What you need to do | The lines to repeat are those below from the one containing "Lazy Guys Louisiana Graphic Tee - Black" down to the one containing "WOMEN'S AMIRI VINTAGE CASHMERE CREW - 3", both included; reproduce them exactly and nothing else.

────────

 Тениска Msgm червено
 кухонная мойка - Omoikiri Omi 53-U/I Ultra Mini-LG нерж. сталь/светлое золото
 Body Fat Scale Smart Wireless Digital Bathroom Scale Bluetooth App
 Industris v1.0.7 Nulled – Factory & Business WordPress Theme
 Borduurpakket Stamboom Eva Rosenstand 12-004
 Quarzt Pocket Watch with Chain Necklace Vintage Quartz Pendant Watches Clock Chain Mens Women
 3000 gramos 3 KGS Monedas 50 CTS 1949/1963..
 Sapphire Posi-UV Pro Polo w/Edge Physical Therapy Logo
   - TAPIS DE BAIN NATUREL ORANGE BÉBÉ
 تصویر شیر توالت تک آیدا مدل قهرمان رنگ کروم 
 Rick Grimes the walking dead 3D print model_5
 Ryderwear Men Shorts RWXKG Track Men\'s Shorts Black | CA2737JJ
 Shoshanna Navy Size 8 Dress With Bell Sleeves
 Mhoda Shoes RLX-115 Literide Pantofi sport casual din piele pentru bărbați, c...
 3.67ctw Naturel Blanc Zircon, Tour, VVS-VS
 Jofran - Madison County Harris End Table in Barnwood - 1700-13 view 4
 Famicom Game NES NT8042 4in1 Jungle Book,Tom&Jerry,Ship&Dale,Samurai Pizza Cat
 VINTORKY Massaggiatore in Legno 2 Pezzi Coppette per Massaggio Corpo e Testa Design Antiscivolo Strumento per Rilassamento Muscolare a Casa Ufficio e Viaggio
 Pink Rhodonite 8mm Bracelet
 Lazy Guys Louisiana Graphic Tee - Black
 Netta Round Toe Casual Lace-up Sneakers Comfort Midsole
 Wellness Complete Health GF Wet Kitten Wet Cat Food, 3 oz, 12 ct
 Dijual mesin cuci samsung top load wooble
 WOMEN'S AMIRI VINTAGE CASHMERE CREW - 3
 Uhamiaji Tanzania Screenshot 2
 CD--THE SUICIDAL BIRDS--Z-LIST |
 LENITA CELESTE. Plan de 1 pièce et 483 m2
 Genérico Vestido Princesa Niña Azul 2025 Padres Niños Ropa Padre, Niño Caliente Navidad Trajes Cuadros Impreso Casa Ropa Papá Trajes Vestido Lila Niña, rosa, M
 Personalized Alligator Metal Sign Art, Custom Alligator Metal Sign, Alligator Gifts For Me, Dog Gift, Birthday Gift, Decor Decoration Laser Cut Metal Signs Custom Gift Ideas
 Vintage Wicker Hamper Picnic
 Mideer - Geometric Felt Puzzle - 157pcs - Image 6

────────

Output of the exercise |
 Lazy Guys Louisiana Graphic Tee - Black
 Netta Round Toe Casual Lace-up Sneakers Comfort Midsole
 Wellness Complete Health GF Wet Kitten Wet Cat Food, 3 oz, 12 ct
 Dijual mesin cuci samsung top load wooble
 WOMEN'S AMIRI VINTAGE CASHMERE CREW - 3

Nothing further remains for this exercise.